Material for this exercise
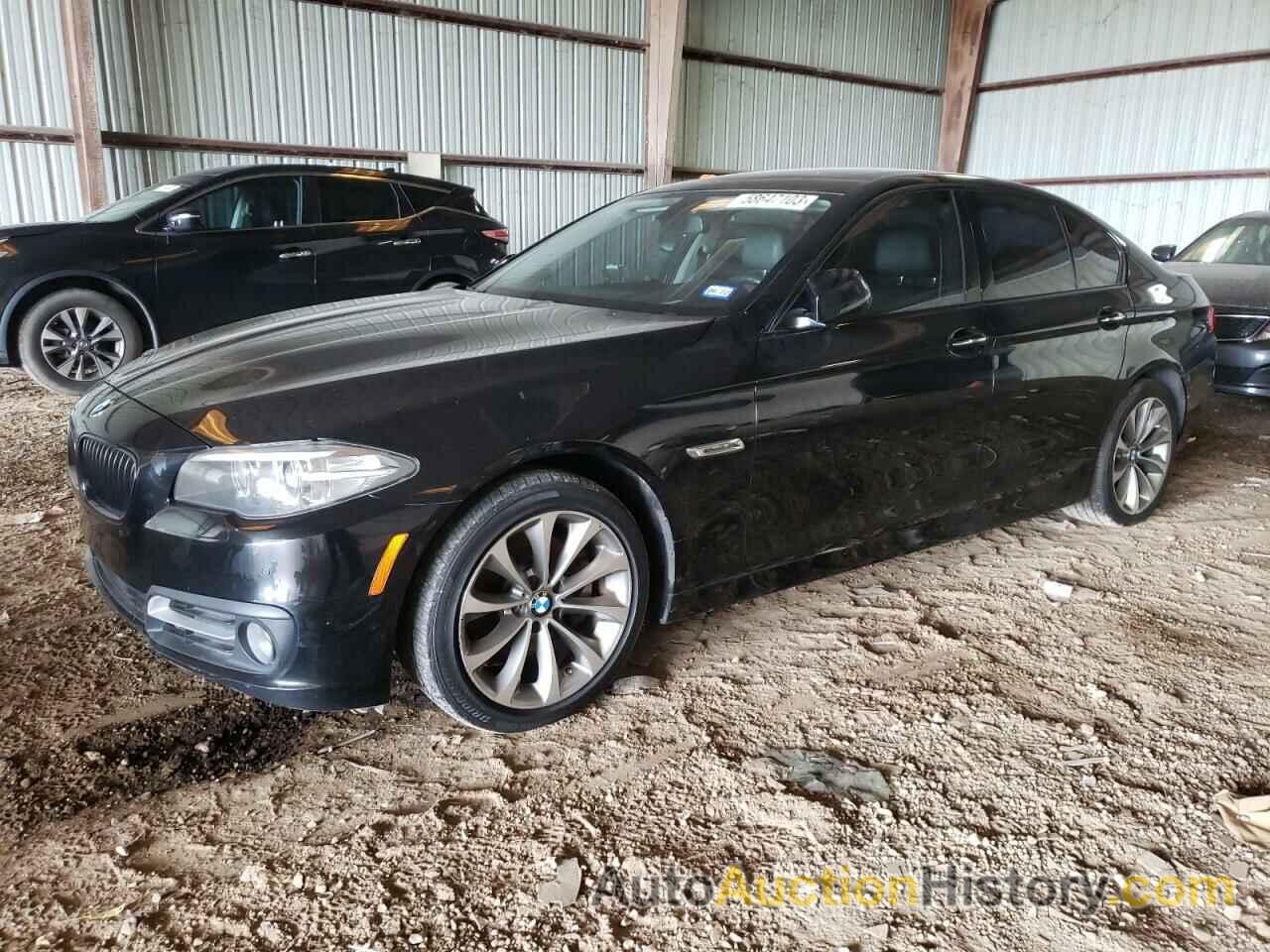 2015 BMW 5 SERIES I, WBA5A5C54FD516724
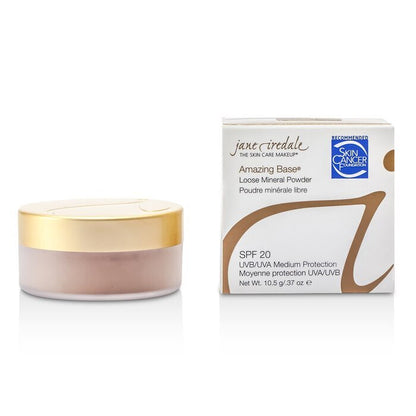 Jane Iredale Amazing Base Loose Mineral Powder SPF 20 - Latte 10.5g/0.37oz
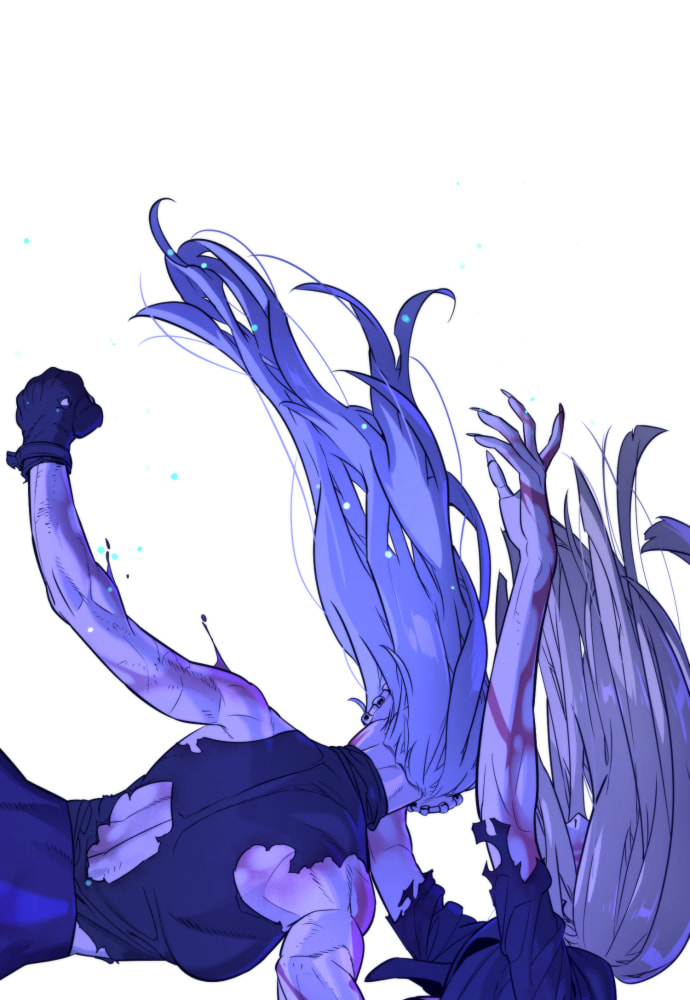 Read Unholy Blood chapter 85 image 94 on Lezhin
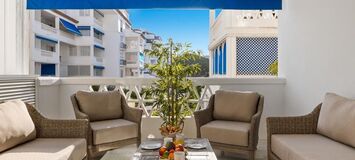 Apartment for rent in Puerto Banus
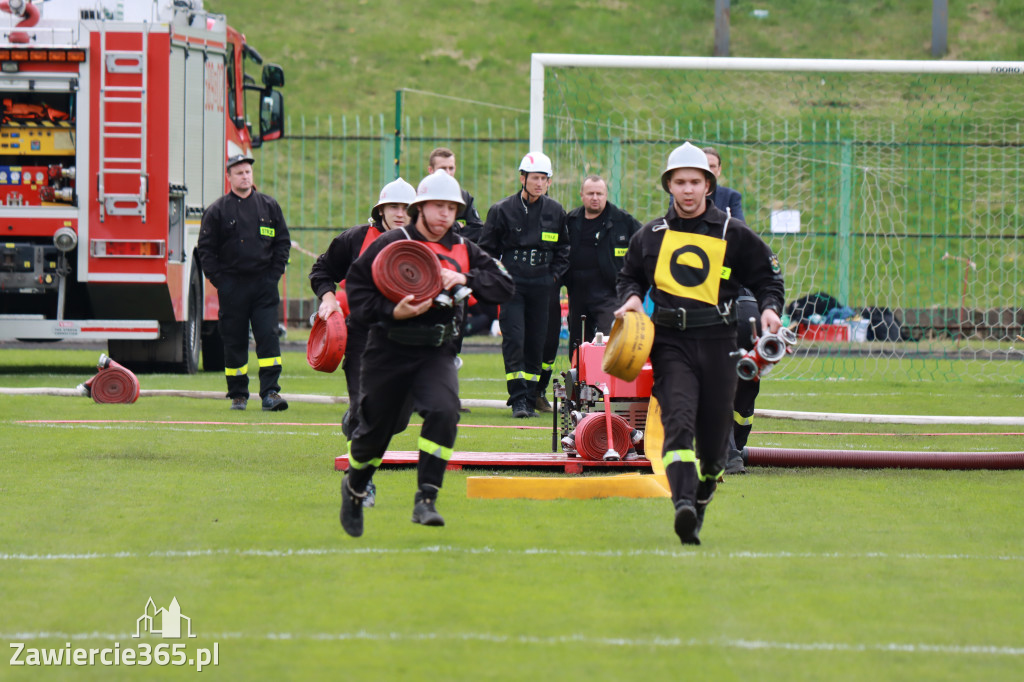 XII zawody sportowo-pożarnicze OSP Zawiercie cz II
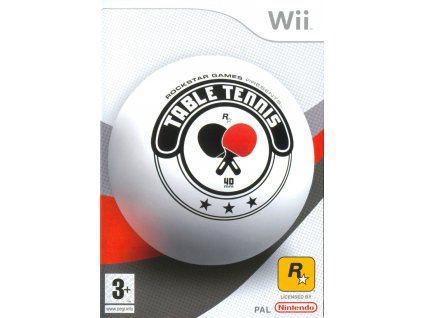 Wii Table Tennis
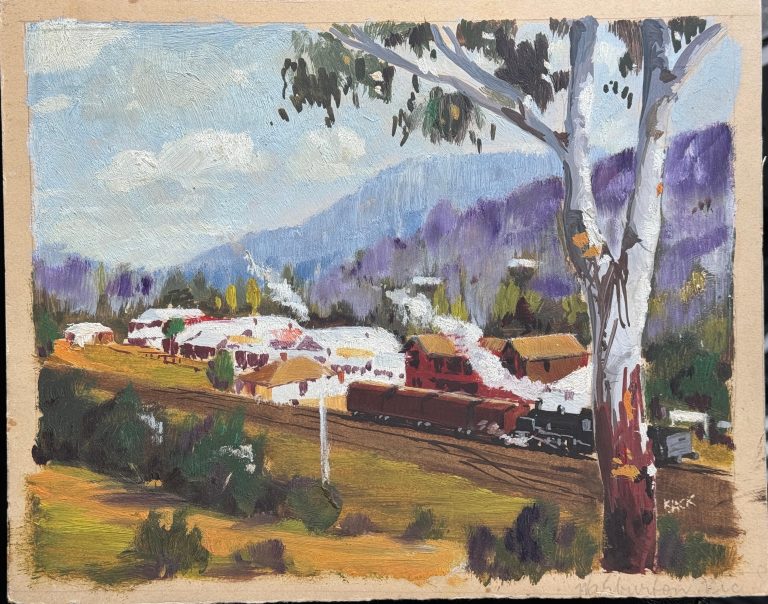 1934-2nd-oil by Kenneth Jack, aged 10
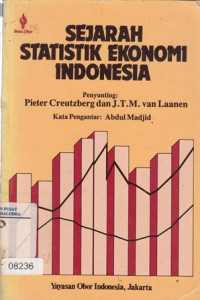 Sejarah statistik ekonomi Indonesia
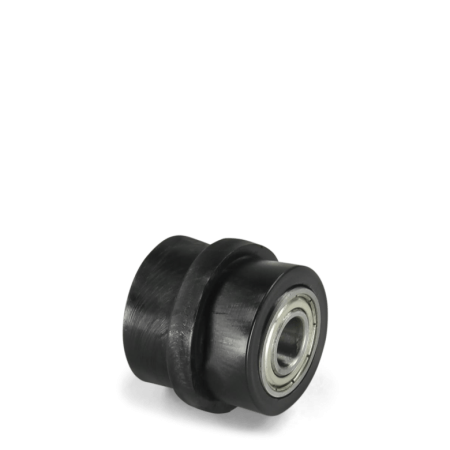 Roulette de chaine noir apollo - 10mm Noir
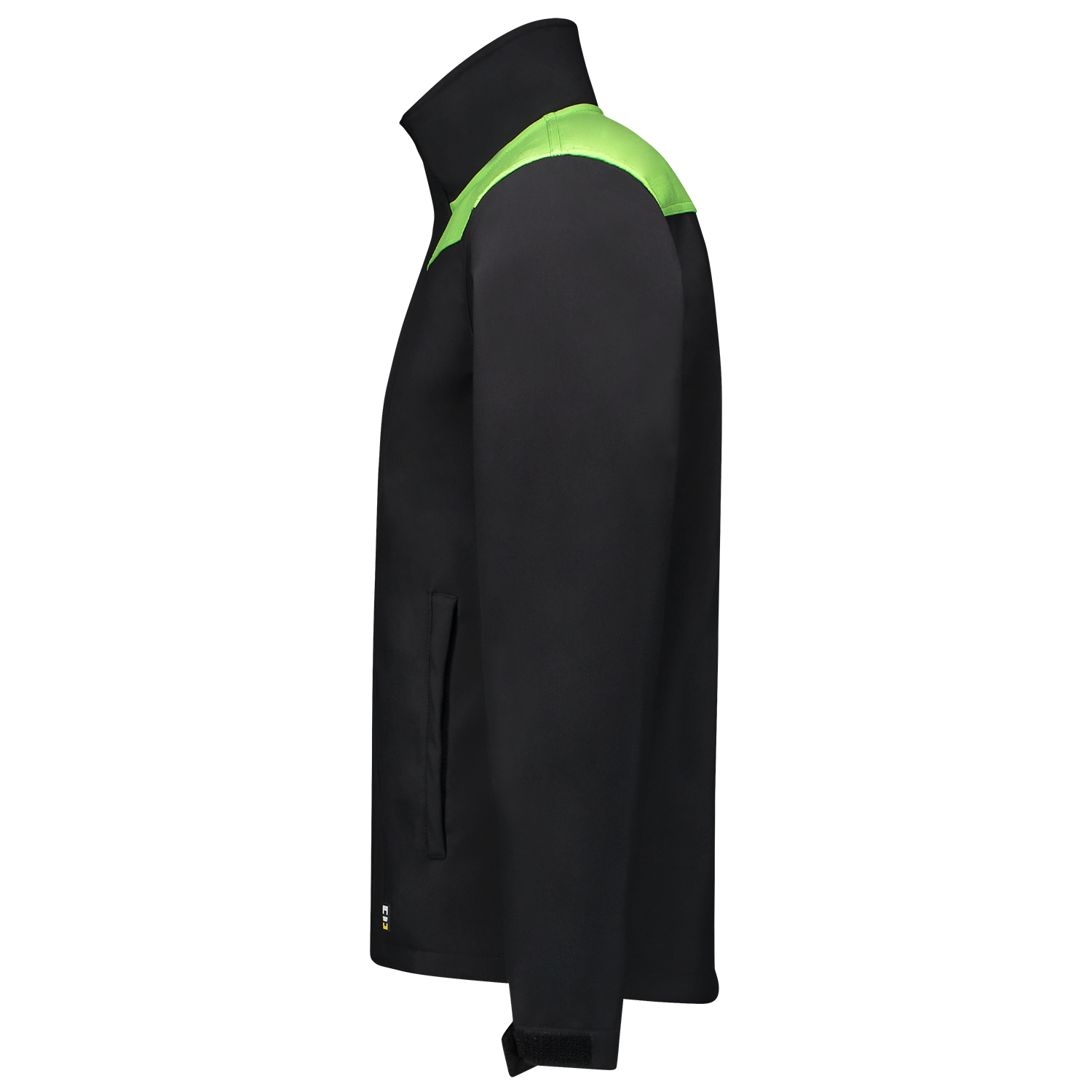 Tricorp Workwear Jassen 402021 zwart-limoen(blacklime)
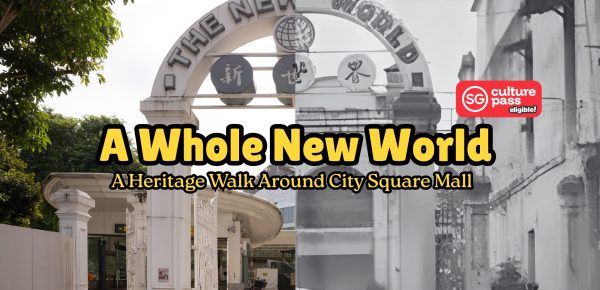 A Whole New World: A Heritage Walk Around City Square Mall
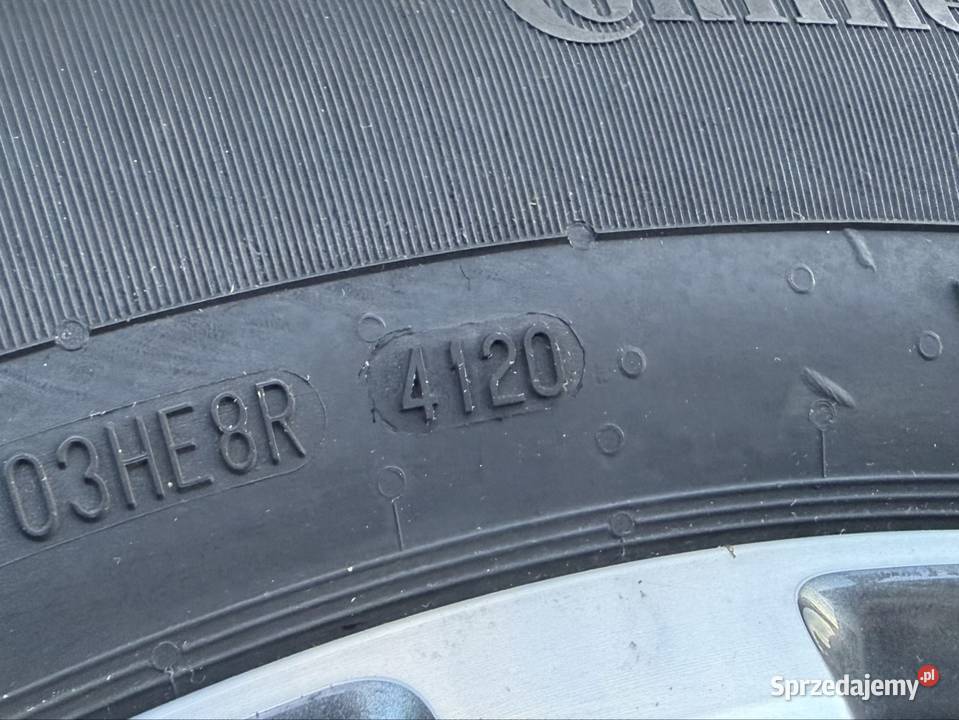 Felgi koła aluminiowe Ford OE RANGER EVEREST 80 Drezdenko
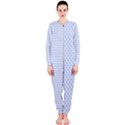 Alice Blue Hearts in an English Country Garden OnePiece Jumpsuit (Ladies)  View1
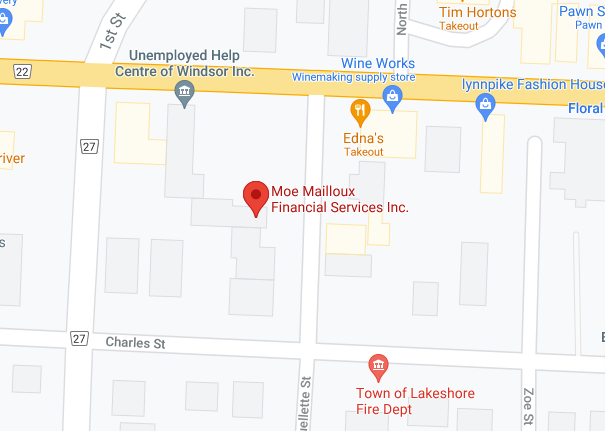 Moe Mailloux Financial Services, Belle River - Google Maps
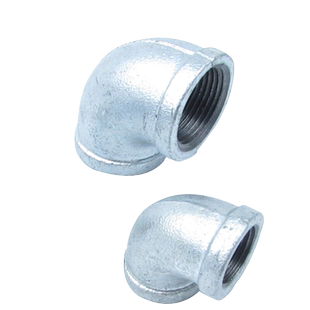 90度玛钢镀锌/304/316/衬塑/变径丝扣弯头内丝弯头/镀锌弯头管件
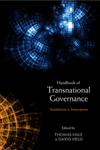 The Handbook of Transnational Governance Institutions and Innovations,0745650600,9780745650609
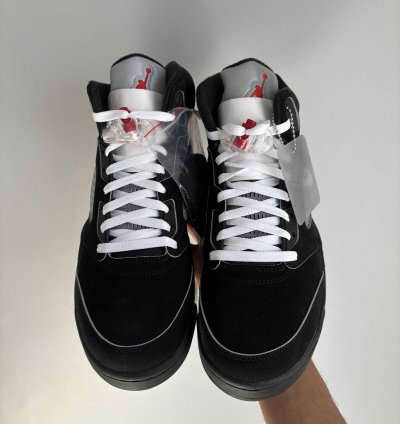 Air Jordan 5 Metallic Reimagined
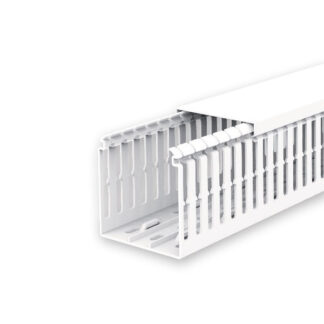 Canale cablaggio 40x40 p12,5 bianco - ARN V6K4040W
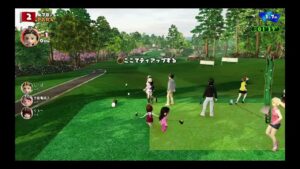 適当に(^^)/【NEWみんなのゴルフ】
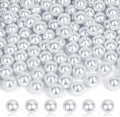 360PCS 12mm Pearls for Crafting, Artificial Pearl Beads for Vase Filler by Unknown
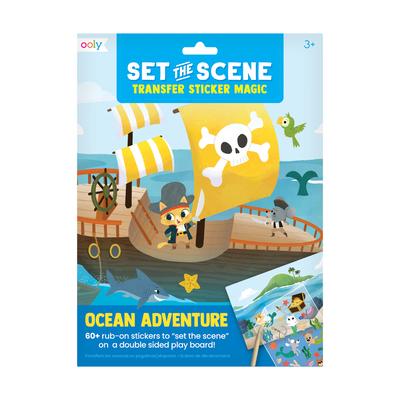 Set the Scene Transfer Stickers Magic - Ocean Adventure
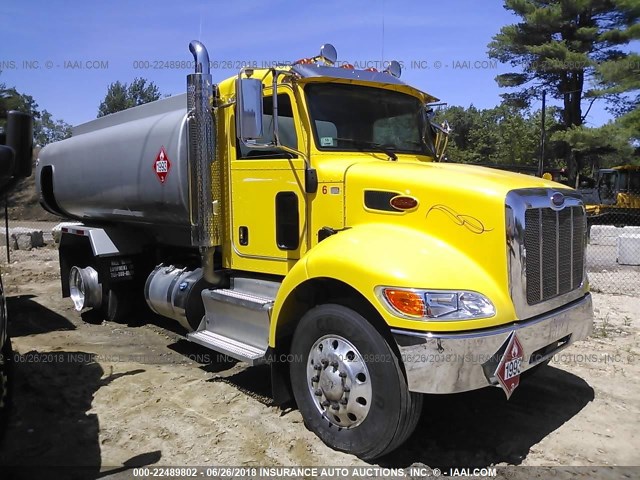 2NP2HJ7X4GM362560 - 2016 PETERBILT 337 YELLOW photo 1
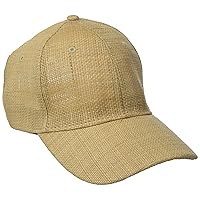 San Diego Hat Company Women's Woven Raffia Ball Cap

Your instructions
Give back the full data exactly as it reads, but drop the pictures.

Answer area
 2015 BMW 5 SERIES I, WBA5A5C54FD516724
 Jane Iredale Amazing Base Loose Mineral Powder SPF 20 - Latte 10.5g/0.37oz
 Read Unholy Blood chapter 85 image 94 on Lezhin
 Apartment for rent in Puerto Banus
 XII zawody sportowo-pożarnicze OSP Zawiercie cz II
 Wii Table Tennis
 1934-2nd-oil by Kenneth Jack, aged 10
 Sejarah statistik ekonomi Indonesia
 Roulette de chaine noir apollo - 10mm Noir
 Tricorp Workwear Jassen 402021 zwart-limoen(blacklime)
 A Whole New World: A Heritage Walk Around City Square Mall
 Felgi koła aluminiowe Ford OE RANGER EVEREST 80 Drezdenko
 Alice Blue Hearts in an English Country Garden OnePiece Jumpsuit (Ladies)  View1
 Moe Mailloux Financial Services, Belle River - Google Maps
 90度玛钢镀锌/304/316/衬塑/变径丝扣弯头内丝弯头/镀锌弯头管件
 The Handbook of Transnational Governance Institutions and Innovations,0745650600,9780745650609
 Air Jordan 5 Metallic Reimagined
 Canale cablaggio 40x40 p12,5 bianco - ARN V6K4040W
 適当に(^^)/【NEWみんなのゴルフ】
 360PCS 12mm Pearls for Crafting, Artificial Pearl Beads for Vase Filler by Unknown
 Set the Scene Transfer Stickers Magic - Ocean Adventure
 2NP2HJ7X4GM362560 - 2016 PETERBILT 337 YELLOW photo 1
 San Diego Hat Company Women's Woven Raffia Ball Cap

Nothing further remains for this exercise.